Entries look like: {(Smith, John, 125634, A),(Mustermann, Max, 04124, B),(Kowalski, Jan, 2137, B),...}

Summary:

1.352.689 votes for party A

2.987.132 votes for party B

522.799 votes for party C

22.911 invalid votes

1.222.572 abstained from voting

Example: Election

Visualization:

Example: Election

$\Rightarrow$ Party B has majority but not $\frac{2}{3}$.

Problem: Does not explain why people voted like this. Does not explain who voted for whom.

Statistical Data Analysis

Example from physics: Look at a spring that has some weight attached to it.

Statistical Data Analysis

Linear regression

Use (linear) algebraic-geometric model: linear regression

Assumes that the data is given by a linear equation: $\hat{y}=ax+b$

Want to choose line such that distance to data points is minimized, i.e. assume that the deviation from this line is minimal and homogenous.

$$ \delta y = y_i - \hat{y}(x_i) $$

$$ \Delta y = \frac{1}{n} \sum\limits_{i=1}^n (y_i-\hat{y}(x_i)) $$

Statistical Data Analysis

Linear regression

Problem: with this naive loss function, errors can "cancel out".

better: absolute or squared error

$$\Delta_{\lvert \rvert} y= \frac{1}{n} \sum\limits_{i=1}^n \lvert y_i-\hat{y}(x_i)\rvert $$$$\Delta_{2} y= \frac{1}{n} \sum\limits_{i=1}^n (y_i-\hat{y}(x_i))^2 $$

Statistical Data Analysis

Linear regression

historically preferred: squared error $\rightarrow$ least squares regression.

Formula for optimal estimates for least square regression:

$$ a= \frac{\frac{1}{n}\sum_{i=1}^n(x_i-\bar{x})(y(x_i)-\bar{y})}{\frac{1}{n}\sum_{i=1}^n(x_i-\bar{x})^2} $$$$ b=\bar{y}-a\cdot \bar{x} $$

Linear regression

Example from physics: Look at a spring that has some weight attached to it.

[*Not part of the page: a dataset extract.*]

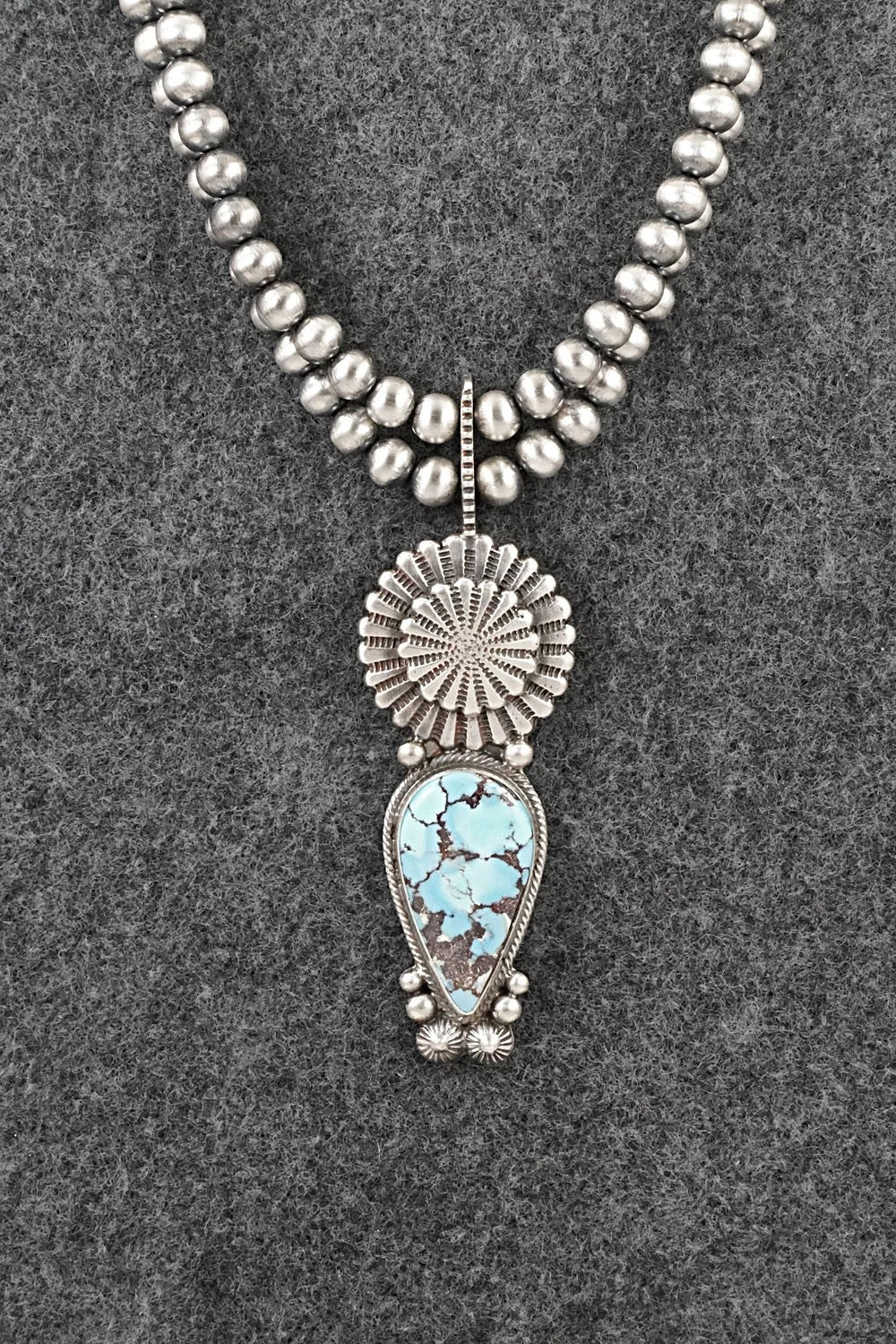 Turquoise & Sterling Silver Necklace - Tom Lewis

Assume we have the dataset given as two arrazs called "weights" and "extensions":

size = np.array([])
for x in weights:
    size = np.concatenate((size,[0.1]))
plt.scatter(weights,extensions,s=size)
plt.xlabel("Weights")
plt.ylabel("Extension")
plt.grid(True)
coef = np.polyfit(weights,extensions,1)
poly = np.poly1d(coef)
plt.plot(poly(range(0,100)),color='orange')
plt.show()

Obtain empirical Hooke's law: $F=k \cdot x$.

Allows to make predictions, Allows to focus on parameter $k$ to find better explanation.

Linear regression

Example from physics: Look at a spring that has some weight attached to it.

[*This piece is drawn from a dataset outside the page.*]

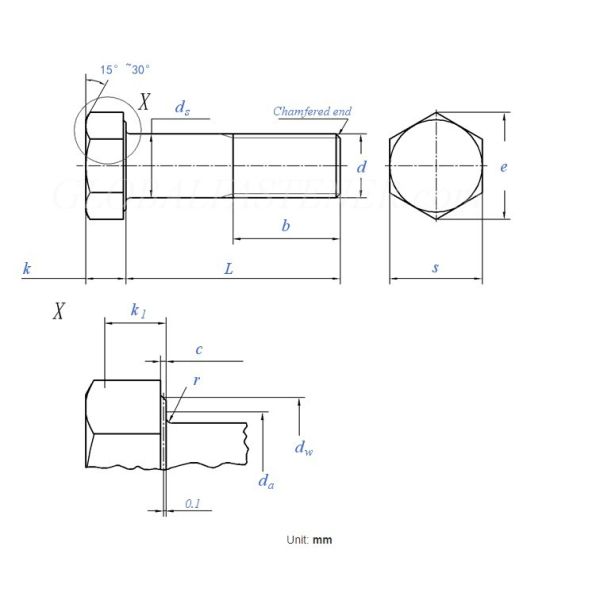 Stainless Steel Stud Bolts Fully Threaded Steel Rod Dia 5/8in X 125mm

Problem: The model only fits the data for a certain range!

Linear regression

Example from physics: Look at a spring that has some weight attached to it.

Problem: The model only fits the data for a certain range!

$\Rightarrow$ Empirical laws are only valid for the circumstances in which they were found. Be careful with predictions!

Mathematical/Statistical models

What is a model actually?

A model contains:

-a mathematical description of a phenomenon/observation/...

e.g. (linear/polynomial/differentiable/differential) equations, parameters, and variables.

-assumptions and constraints under which the model is supposed to be accurate

In the example: linear model (i.e. linear equation)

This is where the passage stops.